Time changes and things change with time, and yet, as the Revolutionary war is not forgotten, so shall the late war be remembered in the future with each year the ranks of those living the grow thinner and thinner and after awhile there will be but a few left to tell the tale.

It is important that we of the younger generation should be taught, and now we are becoming capable of learning beyond the reach of the master’s pencil and switch.

Despising a thing will not kill it, and liberty and the touch of human nature maketh the whole world akin.

A man can despise the Confederate flag and yet be esteemed by one who does not. This country had been free, and perhaps too free; but this freedom cannot be shackled unless you go about it the right way. Touch the right spring and you have it.

In a few years Decoration Day will be as familiar to us as Christmas, and each year will make it more and more significant.

Let our fathers leave off their extreme ideas and we will be bettered by it.

We no longer need fear any cross-bar flag. We know none other than that which every nation reverences.

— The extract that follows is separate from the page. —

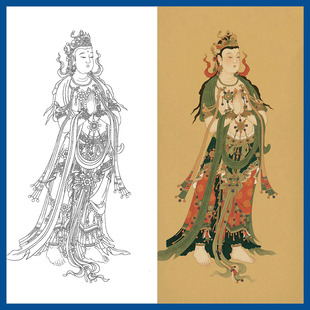 法海寺辩才天白描打印稿观音菩萨底稿工笔人物线稿壁画实物打印稿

We fear no more rebellion; should it come we will put it down, and speedily for it cannot be what the last was. The younger generation of to-day are students of the country’s past history more than their fathers were, and 1861 was not what 1891 is.

When a couple of years ago a body of scores of thousands of men bearing a secret fraternity’s device marched in solid phalanx up and down the grand highway of our National Capital no one asked whether they were Yankies or rebels, yet they were both in majority, and I believe such lessons as this are far more likely to help the younger generation to love their country’s flag than hiding or burning the red rag. The less flag talk just after such gatherings at Alexandria on Saturday the better. “Let us have peace.”

Robert Bell.
Alexandria. Thursday.

  • Union and Confederate veterans celebrate Memorial Day together for the first time at Alexandria Soldiers' Cemetery in 1891.

Let Us Have Peace

Memorial Day 1891 marked the very first time the Robert E. Lee Camp of Confederate Veterans joined the Grand Army of the Republic Veterans to decorate Alexandria Soldiers’ Cemetery. Previously, Confederate and Union veterans had met separately to commemorate their dead. Not only was national unification more apparent but so was a sense of reconciliation and a shared sense of responsibility for all American Civil War dead.


Examine the source carefully and answer the questions below:

What details from the article illustrate greater reconciliation between Union and Confederate veterans?
Are there any details from the article that show ex-Confederates still thought of themselves as having a separate heritage from a national American one? If so, explain.